Hermantown School Board Passes $49 Mil Facilities Plan

Posted at: 06/24/2013 5:03 PM | Updated at: 06/24/2013 10:48 PM
By: Laurie Stribling
lstribling@wdio.com

Some big changes could be coming to the Hermantown School District following a school board vote Monday night.

The board unanimously approved a long-range facilities plan costing $48.9 million over the next 25 years. Superintendent Brad Johnson said the changes are necessary for students and the community.

"Our infrastructure at our middle school is basically crumbling," Johnson said. "It's important that we provide for our students so people want to come here, live here and go to school here."

Johnson said basement classrooms at the middle school flood when it rains.

"There's some smell from the water seepage in the basement," Johnson said.

He also said parts of the wall are starting to fall off. In the gymnasium, there was a hole that keeps reforming each year.

To solve some of these problems, more than 100 community members got together over the last year to put together a plan.

"We are not asking for anything fancy," parent Natalie Peterson said. "We just need some educationally sound changes."

The plan includes building a new high school and moving middle schoolers to the current high school. The plan would also add classrooms at the elementary school.

"I couldn't be more proud," Peterson said. "It's a plan that completely fits the needs of the community."

While Peterson said she's received an overwhelming amount of community support, not everyone is on board.

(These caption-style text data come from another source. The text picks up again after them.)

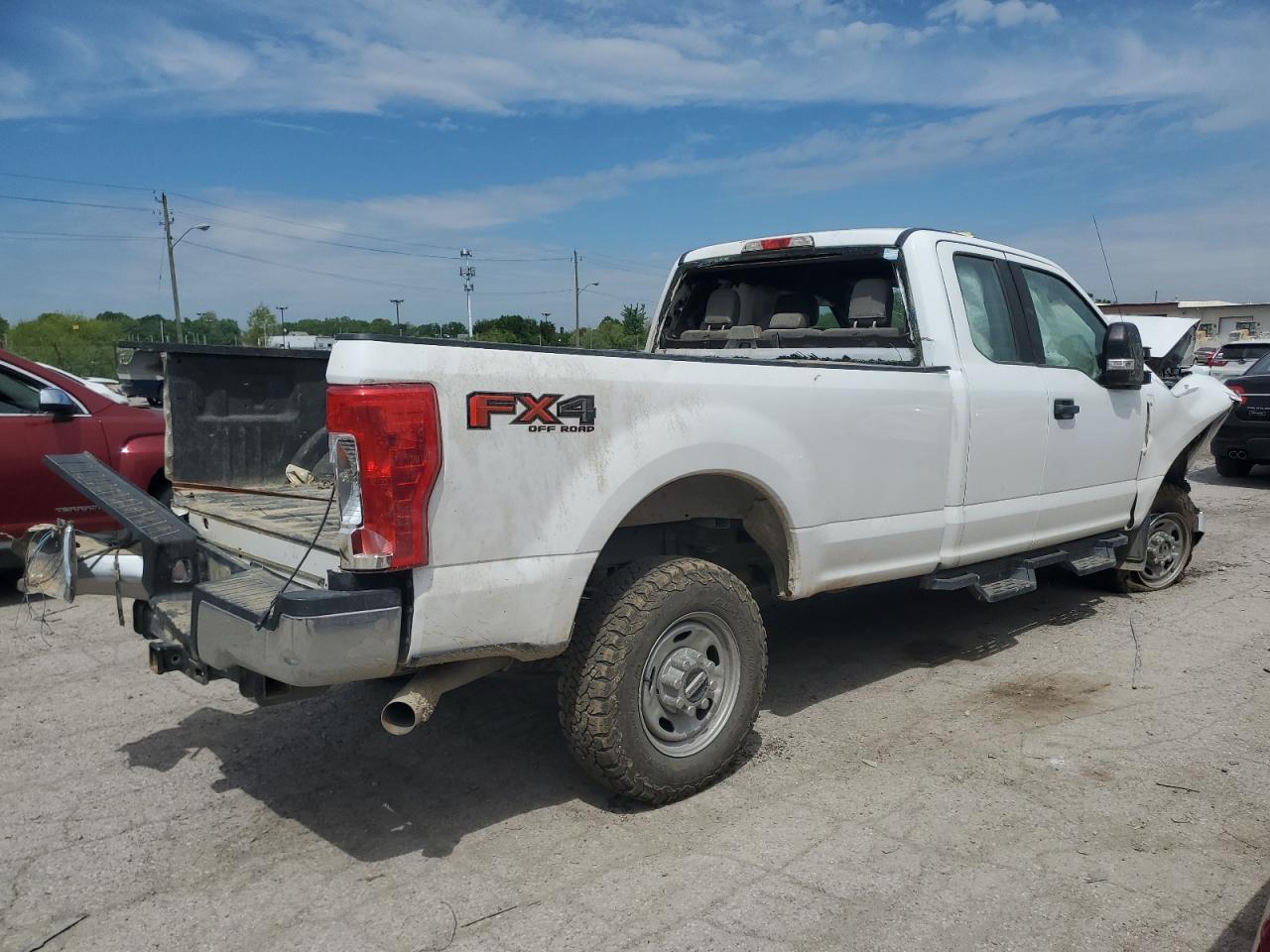 Photo 2 VIN: 1FT7X2B61JEC99218 - FORD F250 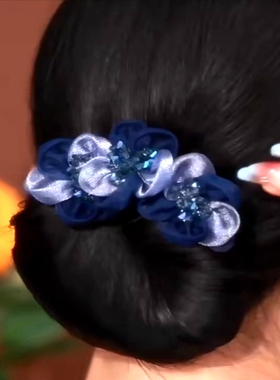 蓝色花朵2025新款繁华盘发器女后脑勺发夹简约扭扭夹懒人神器头饰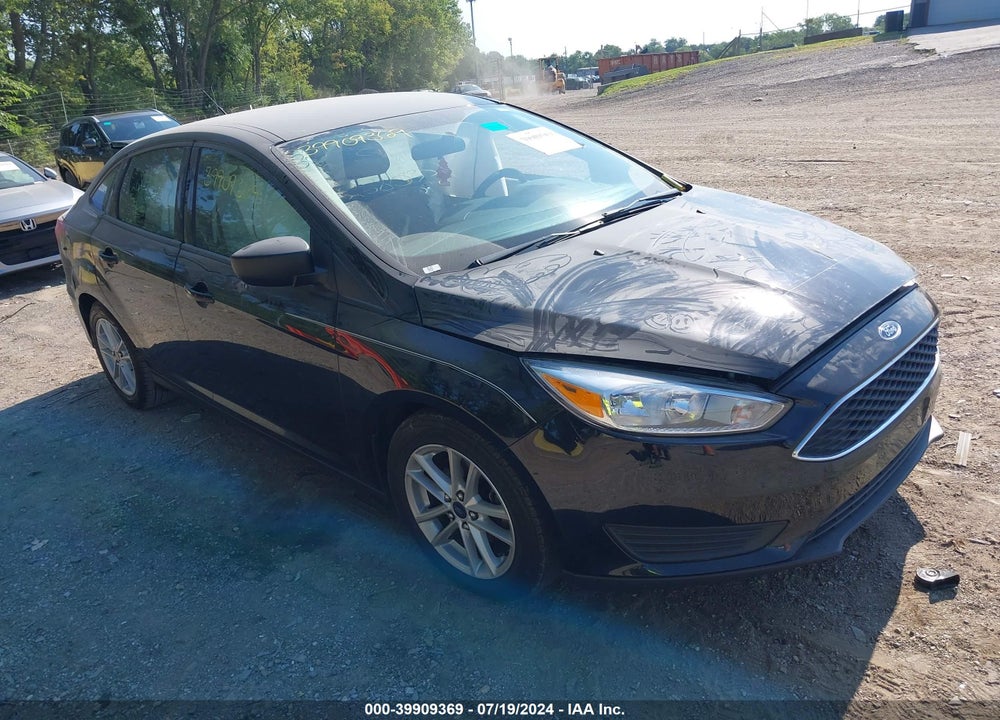 2018 FORD FOCUS SE VIN: 1FADP3F21JL268035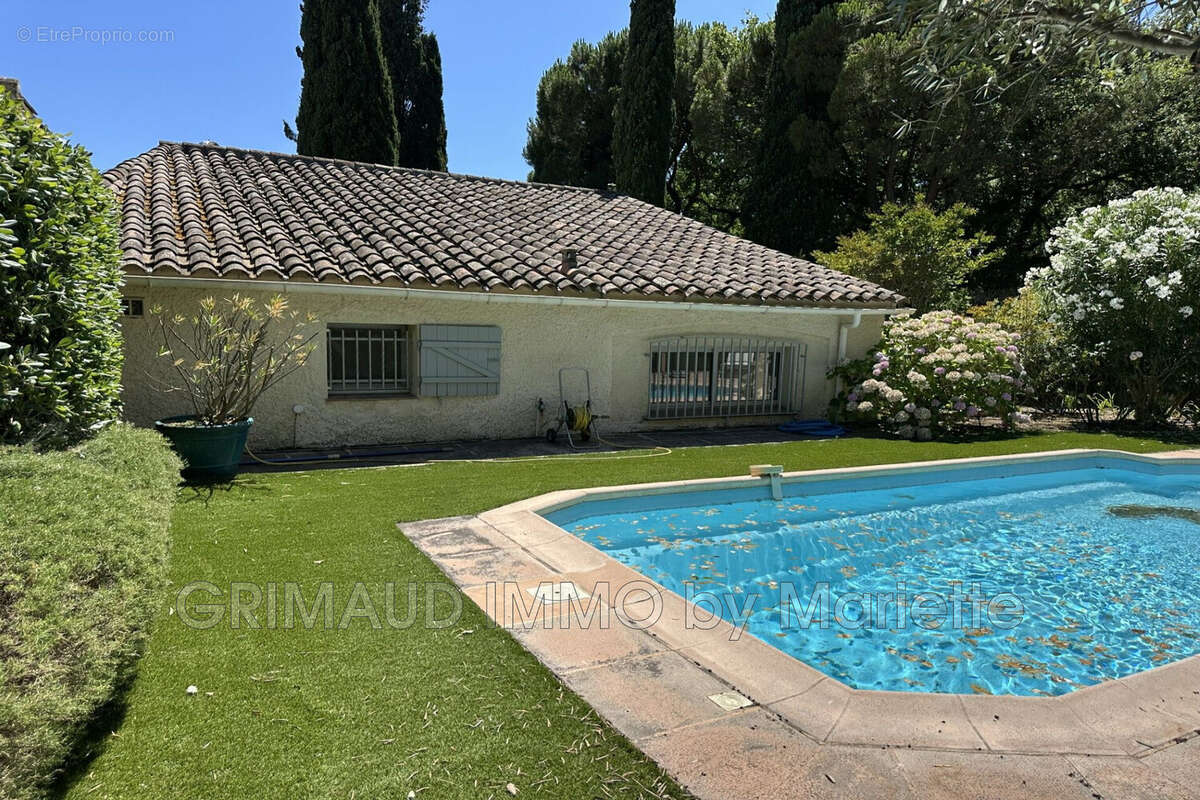 Maison à GRIMAUD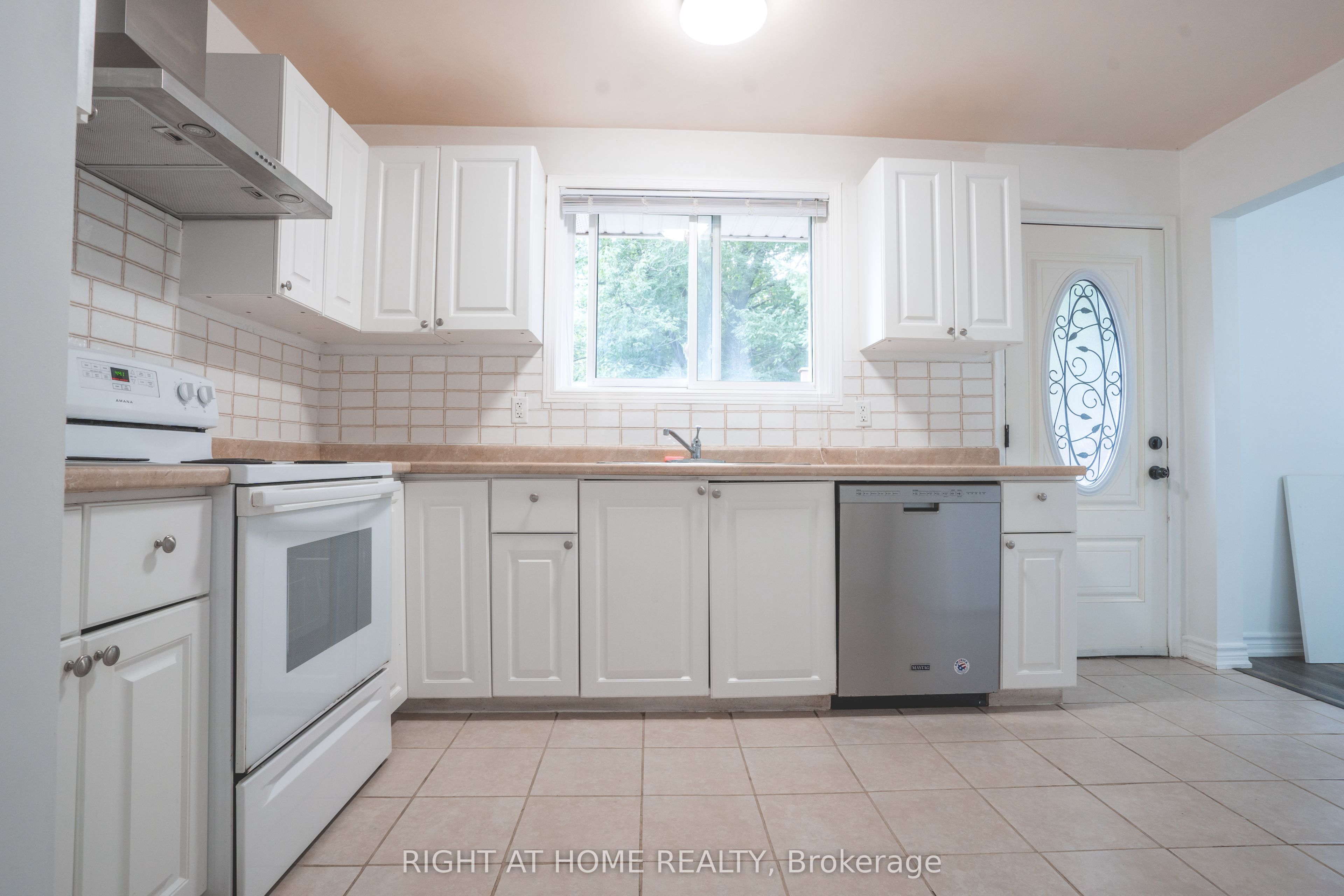 695 Glen Forrest Boulevard Upper Property Photo 9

"Anytime you're going and looking at changes in a community and affecting any sort of taxation, you're going to have opposition," Peterson said.

Support was also complicated when the district hired Johnson Controls. That's the company that helped with Duluth's Red Plan.

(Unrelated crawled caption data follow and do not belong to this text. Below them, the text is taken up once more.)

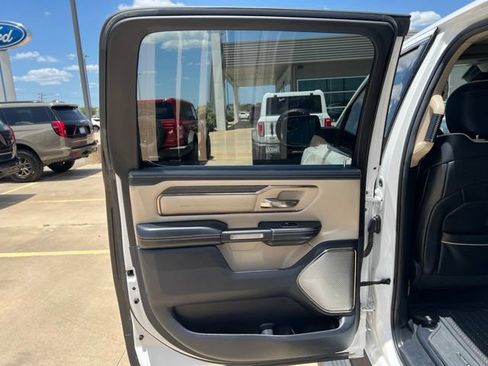 Used 2019 RAM 1500 Limited AWD/4WD image 15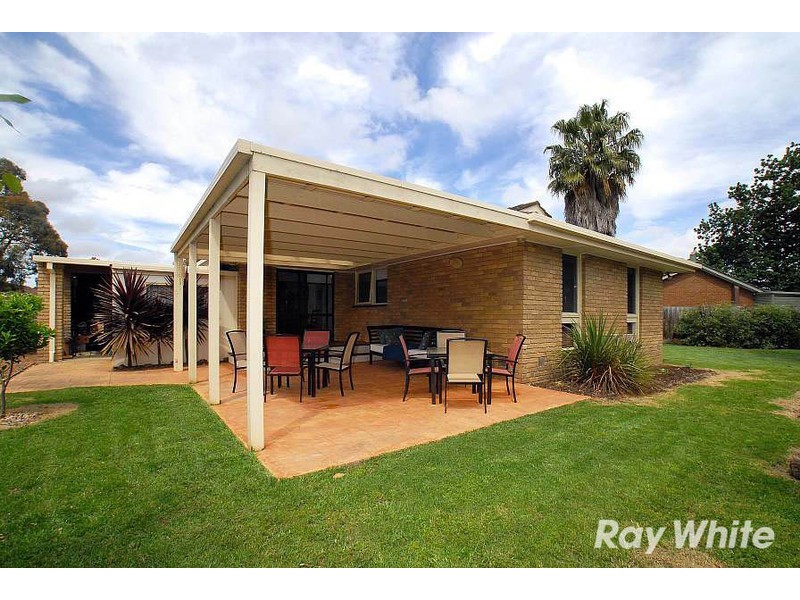8 Warwick Close, Wantirna VIC 3152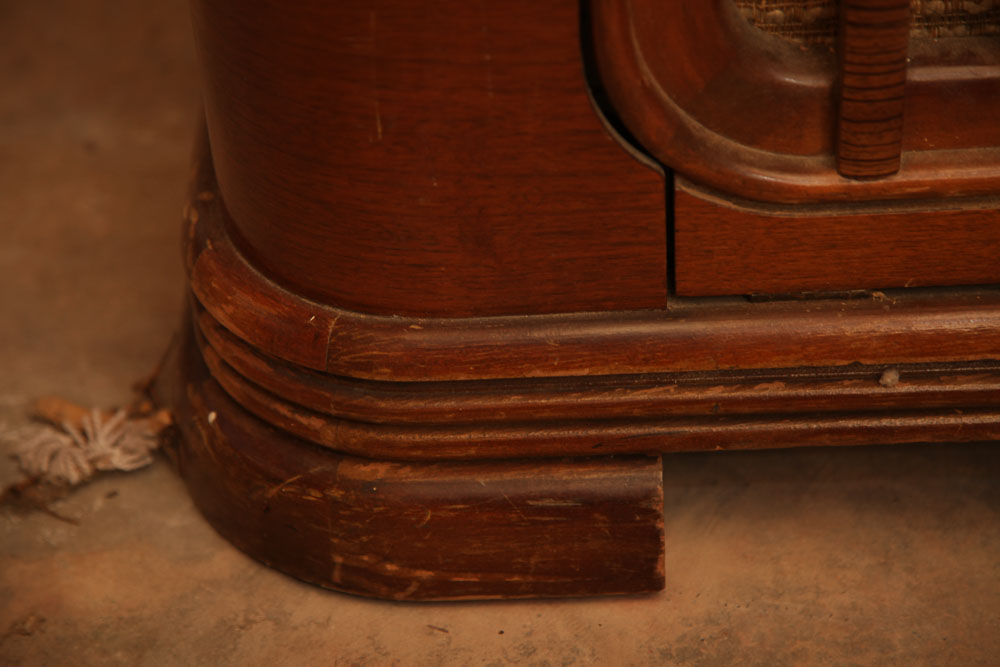 Antique Philco 41-608 Model Phonograph Radio with Speaker and Manuals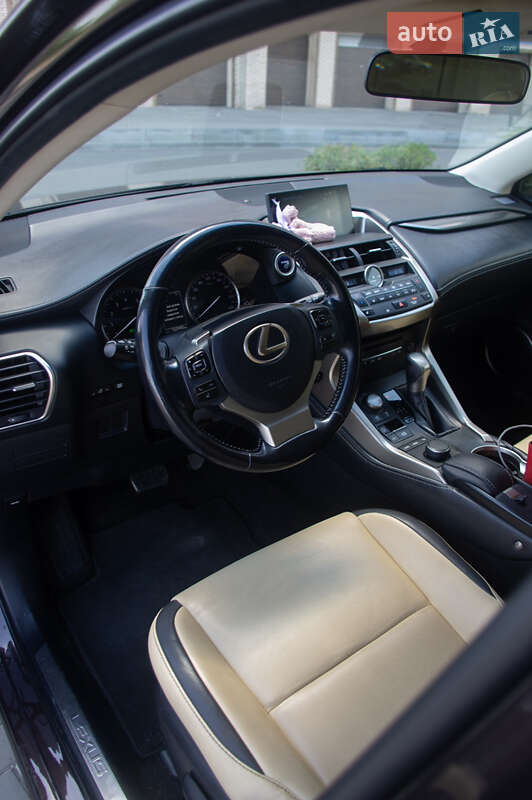 Внедорожник / Кроссовер Lexus NX 2015 в Киеве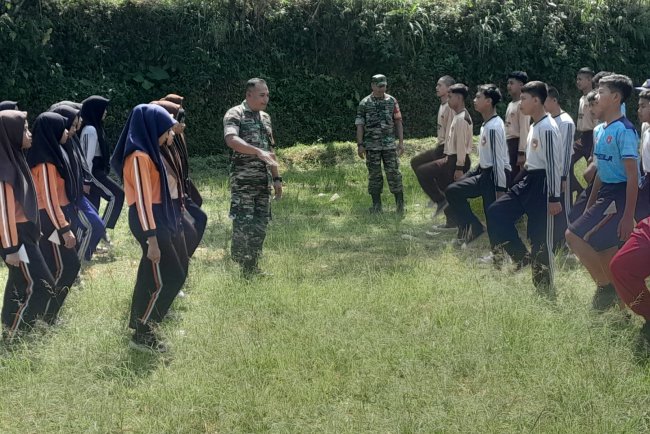 MPLS SMP Negeri 2 Karangkobar  Babinsa Berikan Pelatihan PBB Dan Wawasan Kebangsaan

"Those who have opposed it have had concerns with what's happened in other communities," Peterson said. "We are focusing on what's happening in Hermantown."

Since the plan passed the school board tonight, it will now go to the Minnesota Department of Education. If they approve the plan, a bond referendum will go on ballots this fall.

Under the bond referendum, taxpayers who own a home costing $200,000 will pay just over $30 a month.